> **Exercise prompt**
The entries that follow must be written out exactly, without any of the pictures they contain.
== Task material
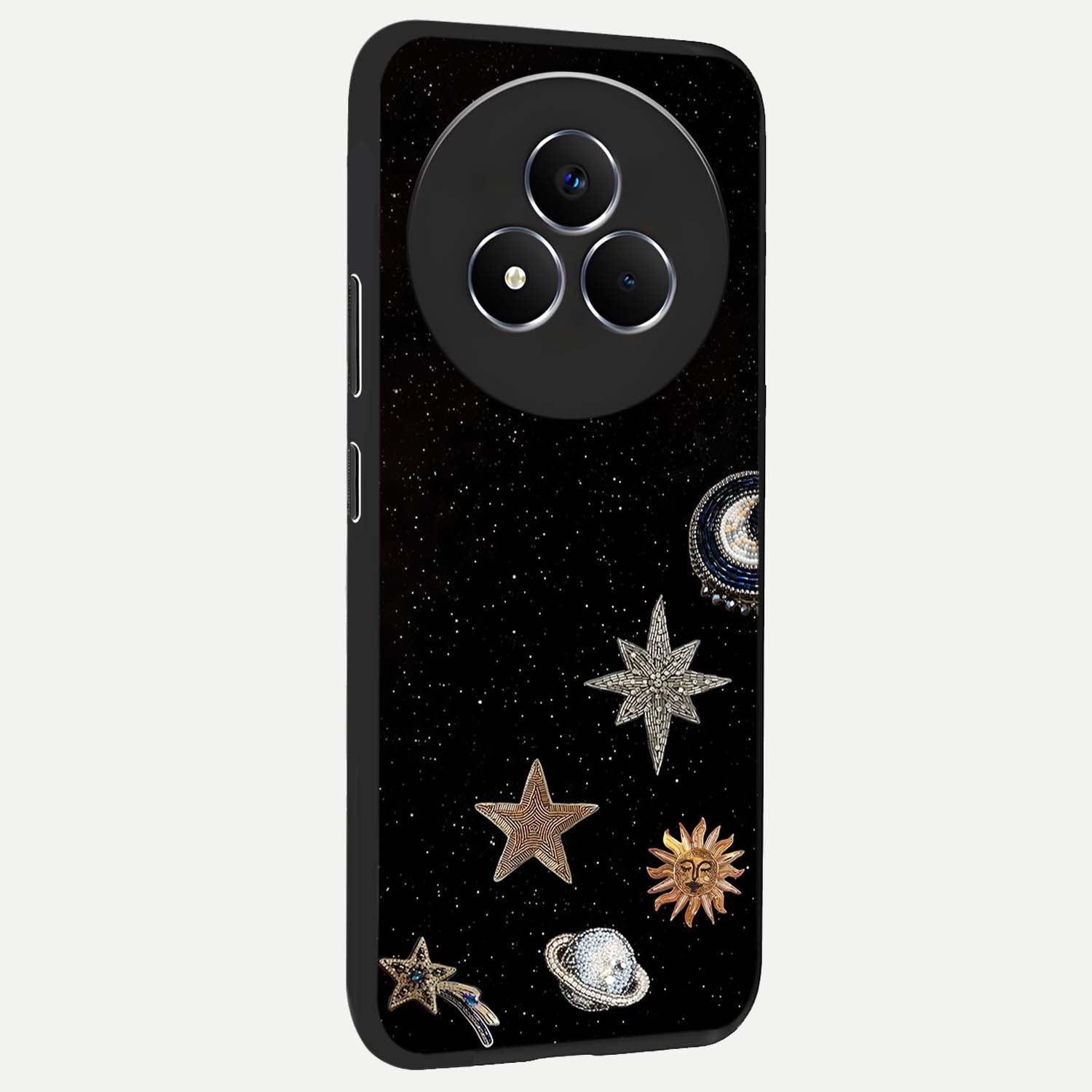 Galactic Charm Glow Glass Case upright view showcasing glowing cosmic charm artwork with magical celestial style.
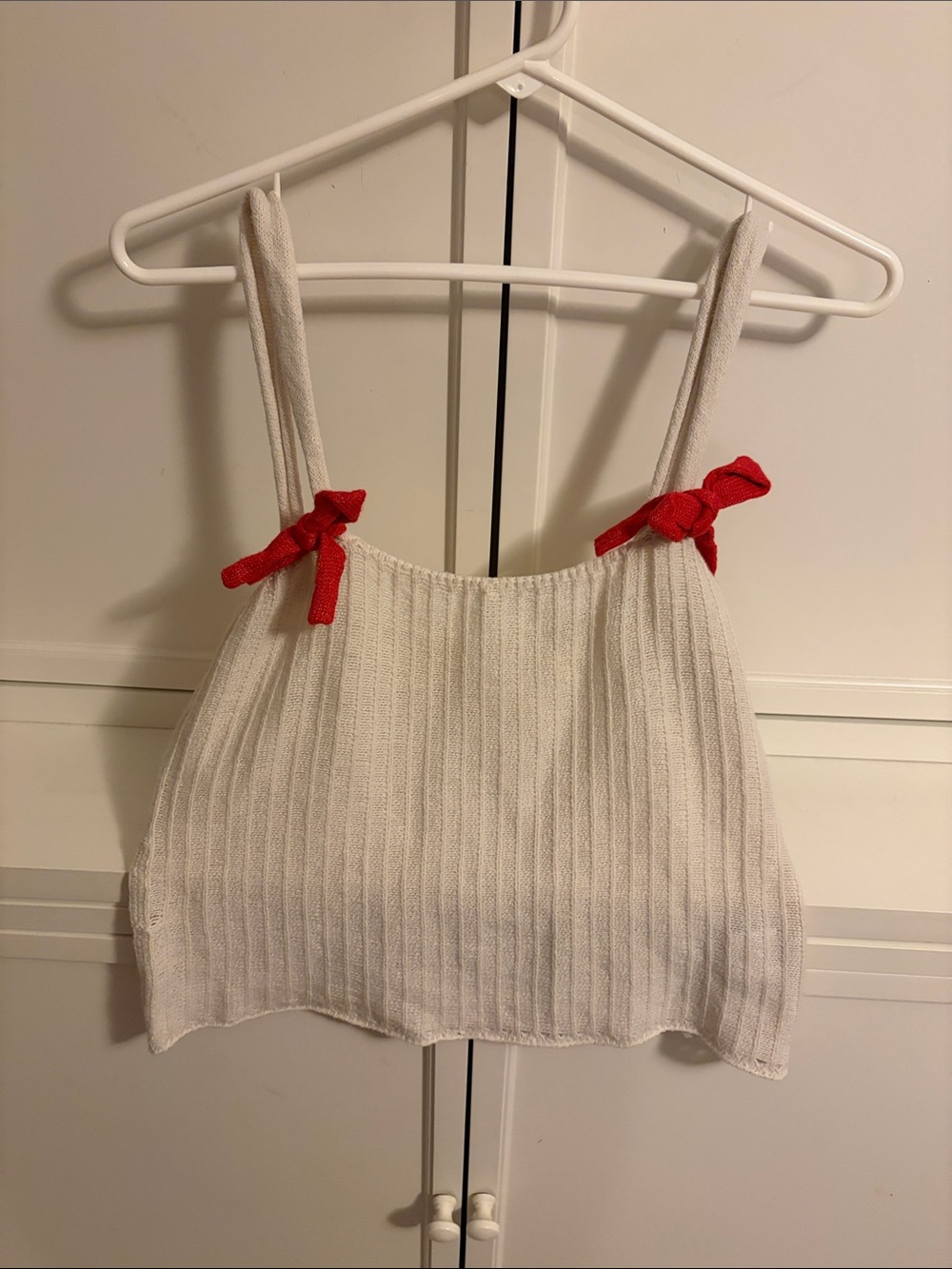 Cream Ribbed Knit Crop Top with Red Bow detailing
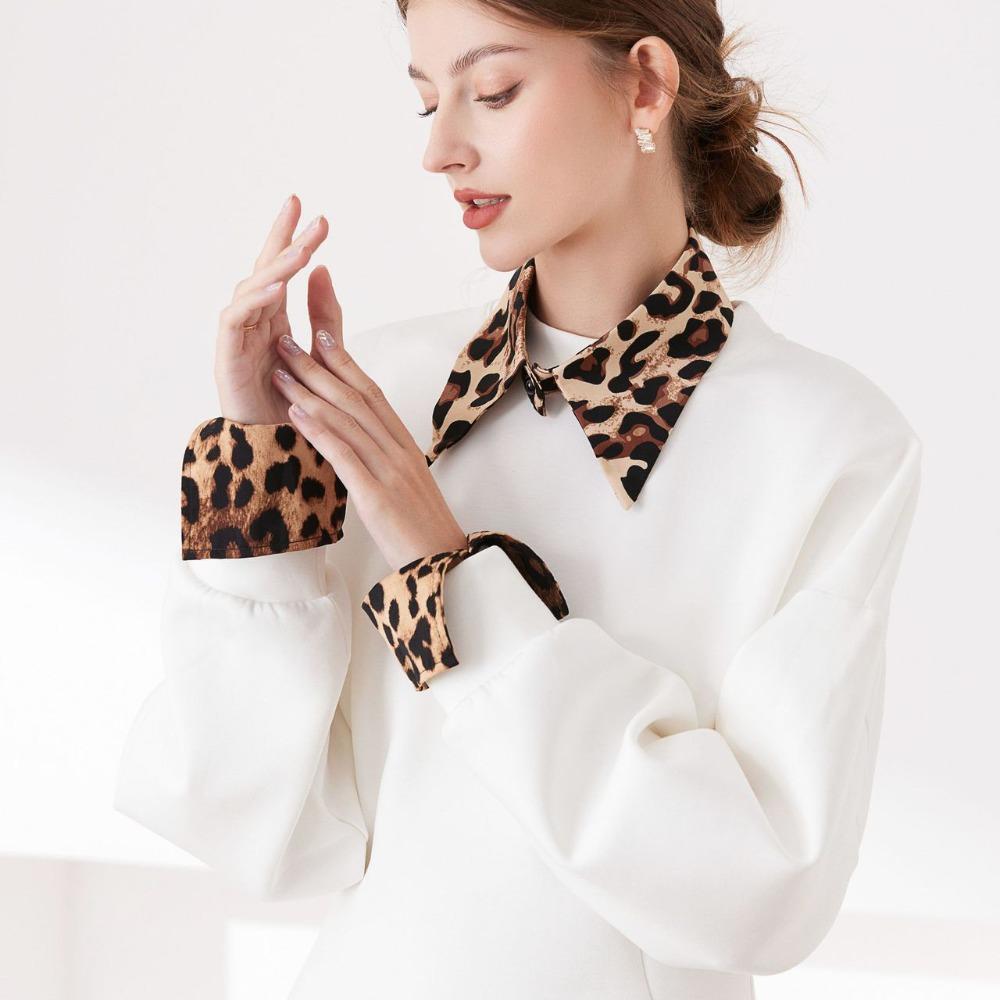 Detachable Leopard Print Shirt Fake Collar Comfortable False Wrist Cuffs  Photo Props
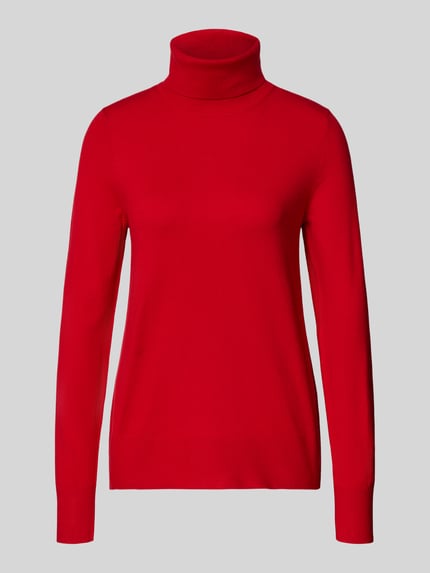 Produktfoto, Regular Fit Rollkragenpullover aus Viskose-Mix von s.Oliver RED LABEL in Optik: Unifarben, Langarm, Ärmelabschluss und Rumpfabschluss gerippt.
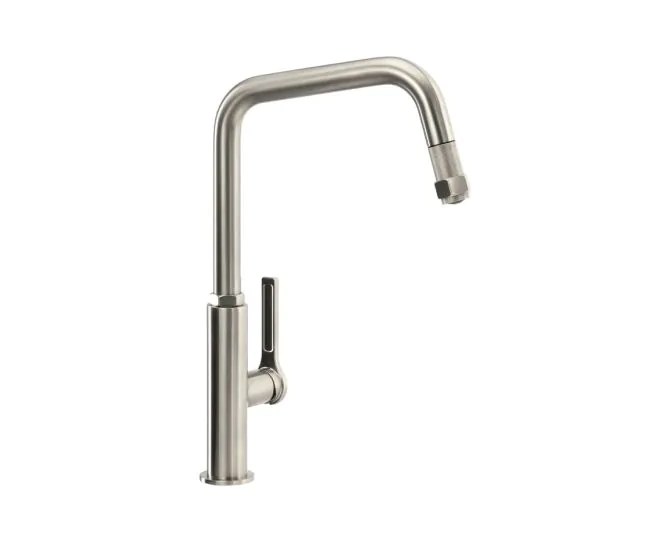 Abode Hex Single Lever Mixer Tap w/Pull Out Brushed Nickel AT2088 (1 LEFT) main product photo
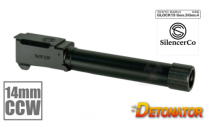 DETONATOR - SilencerCo Type CCW Threaded Aluminum Outer Barrel with Thread Cover Black For Tokyo Marui Glock 19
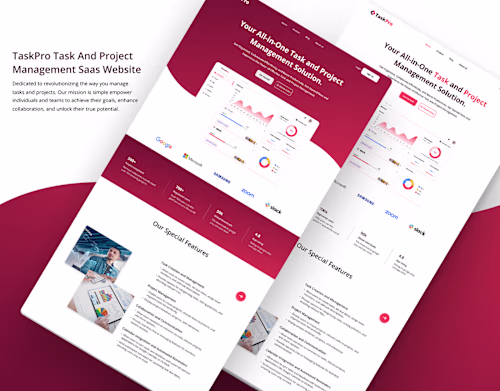 TASK AND PROJECT MANAGEMENT SAAS LANDING PAGE on Behance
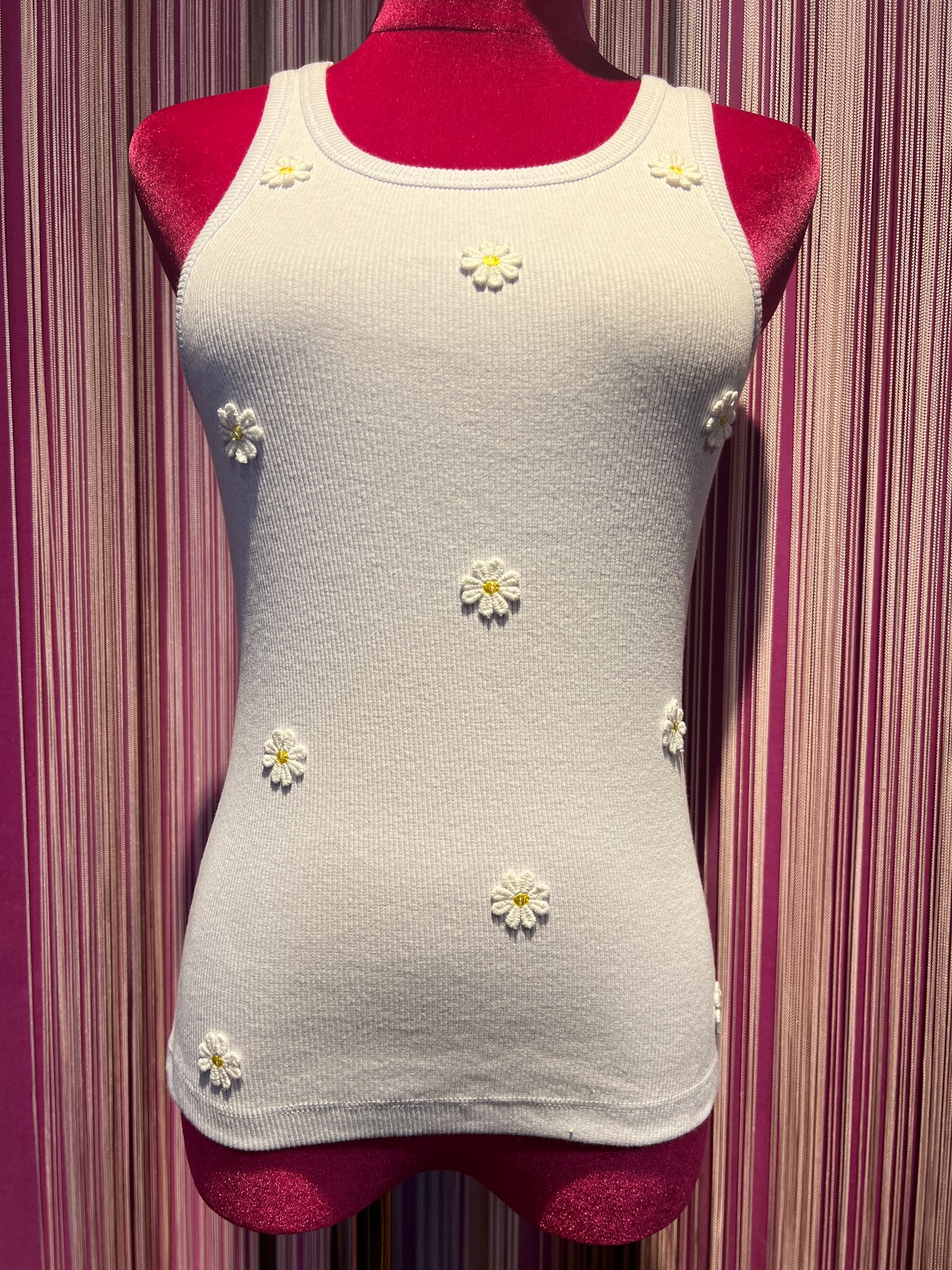 Front street canotta cotone elasticizzato con applicazioni margherite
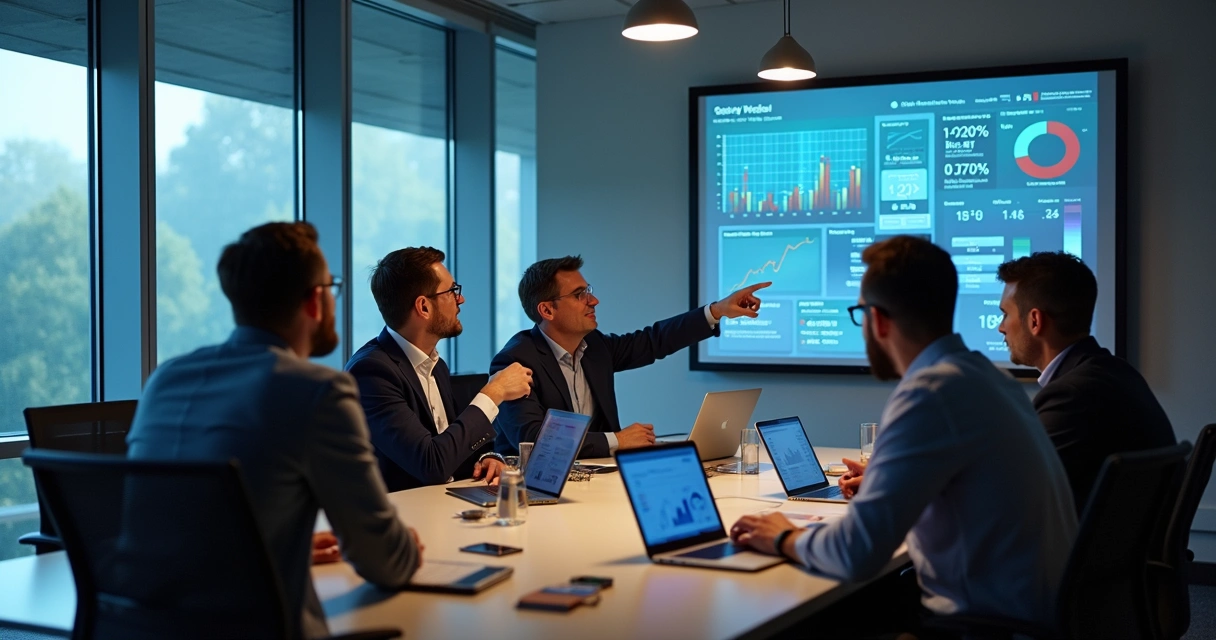 Gestores analisando gráficos de vendas em reunião 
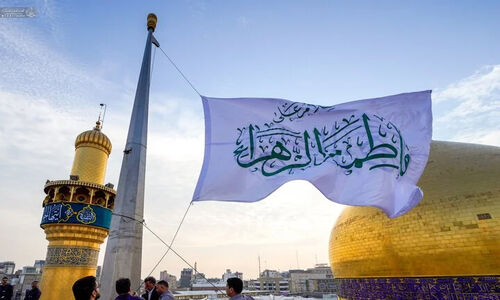 آذین‌بندی حرم مطهر امیرالمومنین (ع) در آستانه ولادت حضرت زهرا (س)+ عکس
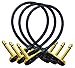 WORLDS BEST CABLES 3 Units - 12 Inch - Pedal, Effects, Patch, Instrument Cable Custom Made Made Using Mogami 2319 Wire and Eminence Gold Plated ¼ inch (6.35mm) R/A Pancake Type Connectors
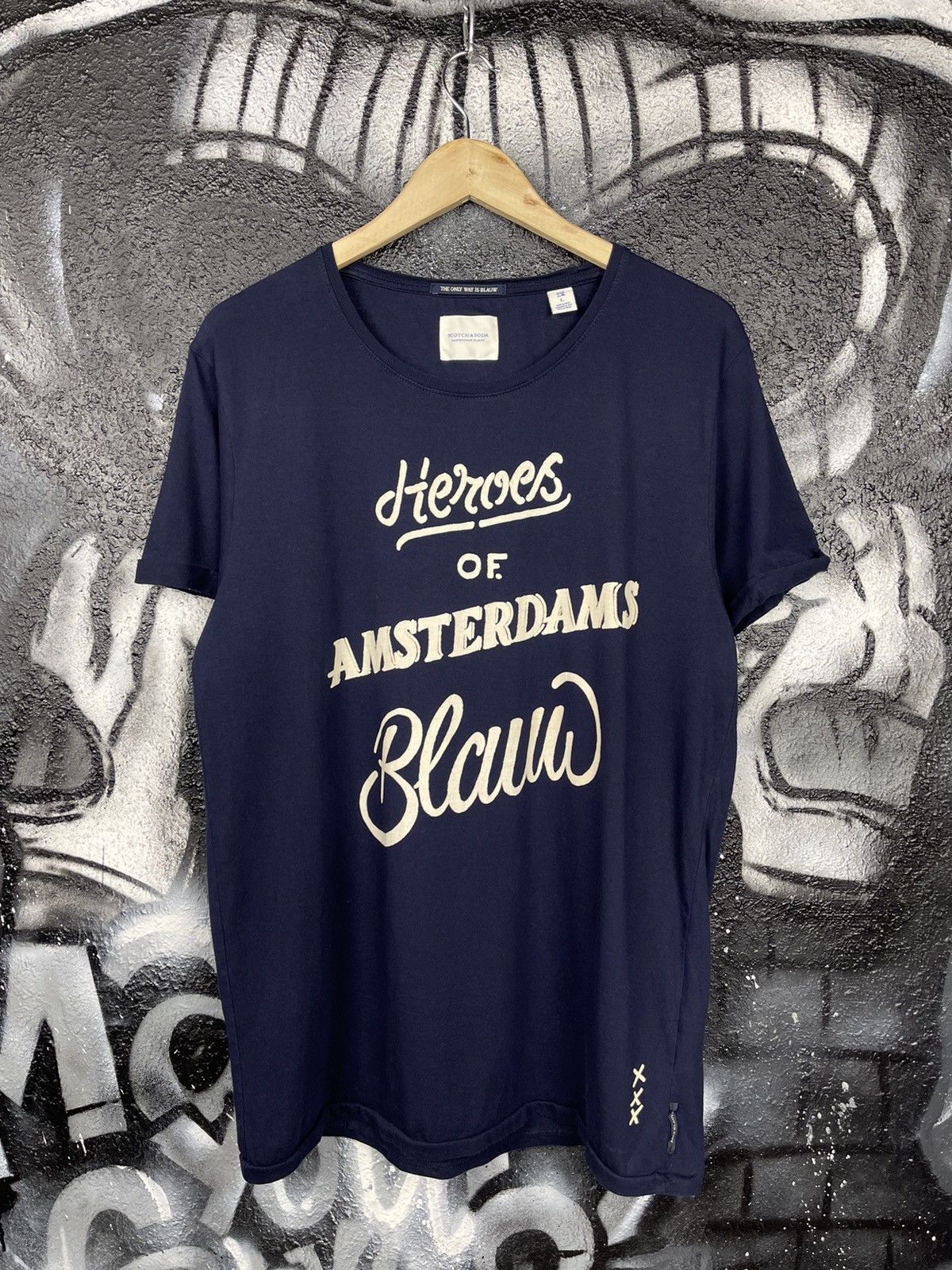 Scotch & Soda Scotch&Soda Amsterdams Blauw Cotton Crew Neck T-Shirt Men’s Size Large Size US L / EU 52-54 / 3 - 2 Thumbnail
====
> **Exercise result**
 Galactic Charm Glow Glass Case upright view showcasing glowing cosmic charm artwork with magical celestial style.
 Cream Ribbed Knit Crop Top with Red Bow detailing
 Detachable Leopard Print Shirt Fake Collar Comfortable False Wrist Cuffs  Photo Props
 Produktfoto, Regular Fit Rollkragenpullover aus Viskose-Mix von s.Oliver RED LABEL in Optik: Unifarben, Langarm, Ärmelabschluss und Rumpfabschluss gerippt.
 Abode Hex Single Lever Mixer Tap w/Pull Out Brushed Nickel AT2088 (1 LEFT) main product photo
 DETONATOR - SilencerCo Type CCW Threaded Aluminum Outer Barrel with Thread Cover Black For Tokyo Marui Glock 19
 TASK AND PROJECT MANAGEMENT SAAS LANDING PAGE on Behance
 Front street canotta cotone elasticizzato con applicazioni margherite
 Gestores analisando gráficos de vendas em reunião 
 آذین‌بندی حرم مطهر امیرالمومنین (ع) در آستانه ولادت حضرت زهرا (س)+ عکس
 WORLDS BEST CABLES 3 Units - 12 Inch - Pedal, Effects, Patch, Instrument Cable Custom Made Made Using Mogami 2319 Wire and Eminence Gold Plated ¼ inch (6.35mm) R/A Pancake Type Connectors
 Scotch & Soda Scotch&Soda Amsterdams Blauw Cotton Crew Neck T-Shirt Men’s Size Large Size US L / EU 52-54 / 3 - 2 Thumbnail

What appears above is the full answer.